Repeat the records below exactly from the line containing "MA license plate 165EL1" to the line containing "6 Exquisit Royal", taking in both of those lines. Drop the pictures.

[AVAILABLE DATA]
<<<<

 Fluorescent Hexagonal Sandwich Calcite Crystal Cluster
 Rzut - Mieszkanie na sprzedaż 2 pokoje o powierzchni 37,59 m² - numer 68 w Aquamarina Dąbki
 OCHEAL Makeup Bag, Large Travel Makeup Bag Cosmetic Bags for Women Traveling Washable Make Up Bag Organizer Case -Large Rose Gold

>>>>
<<<<

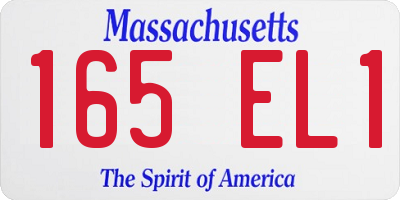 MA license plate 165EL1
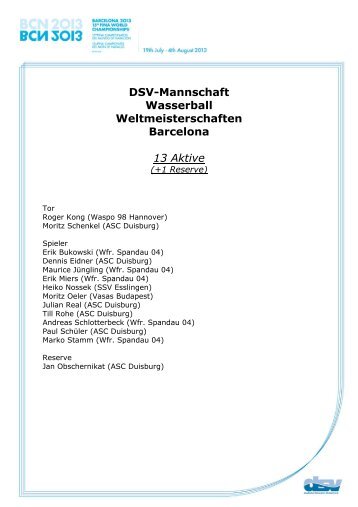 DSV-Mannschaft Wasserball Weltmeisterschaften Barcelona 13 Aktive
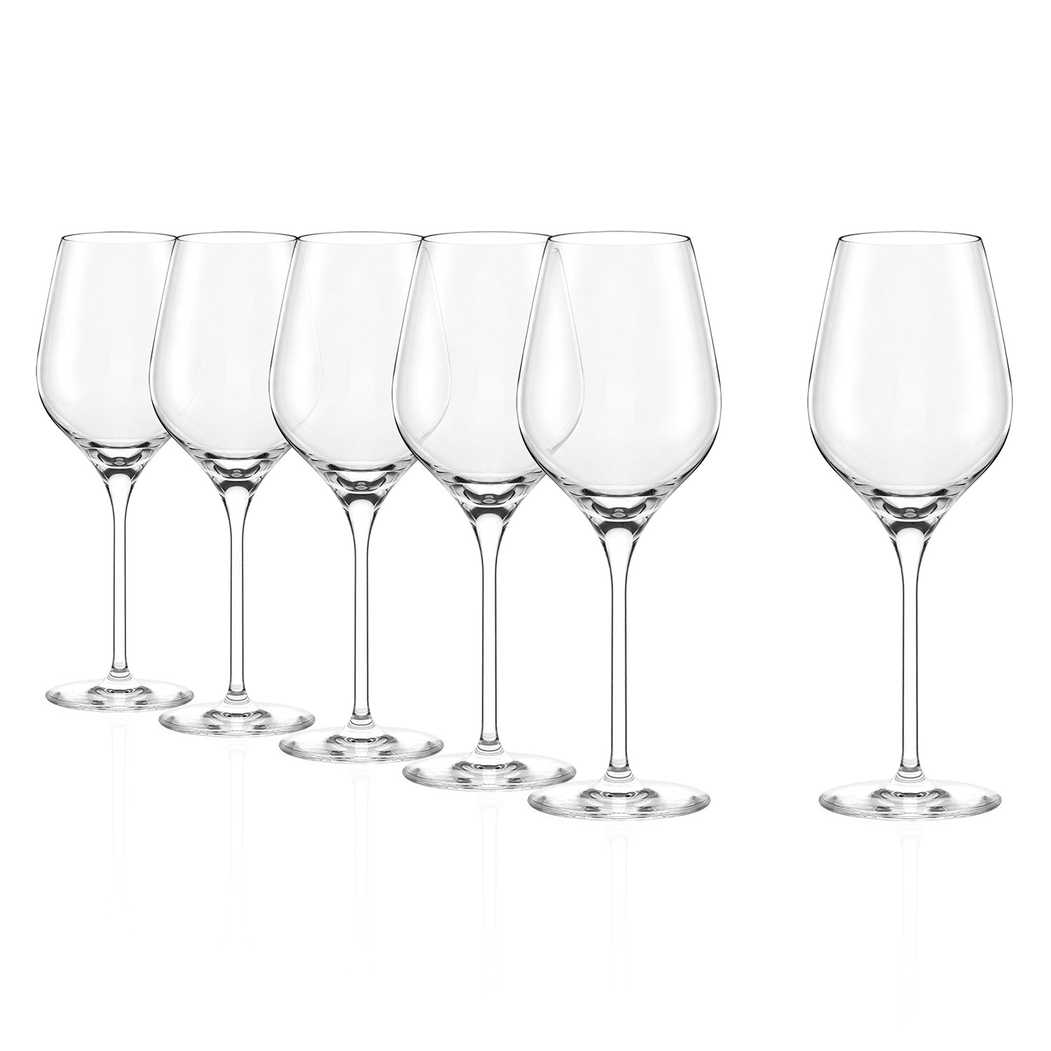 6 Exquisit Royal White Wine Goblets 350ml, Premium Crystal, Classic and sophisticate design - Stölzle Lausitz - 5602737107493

>>>>
<<<<

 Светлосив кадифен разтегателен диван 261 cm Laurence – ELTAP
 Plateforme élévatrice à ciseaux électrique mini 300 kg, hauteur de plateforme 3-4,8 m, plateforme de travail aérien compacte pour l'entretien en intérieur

>>>>

[RESULT FOR THIS TASK]
 MA license plate 165EL1
 DSV-Mannschaft Wasserball Weltmeisterschaften Barcelona 13 Aktive
 6 Exquisit Royal White Wine Goblets 350ml, Premium Crystal, Classic and sophisticate design - Stölzle Lausitz - 5602737107493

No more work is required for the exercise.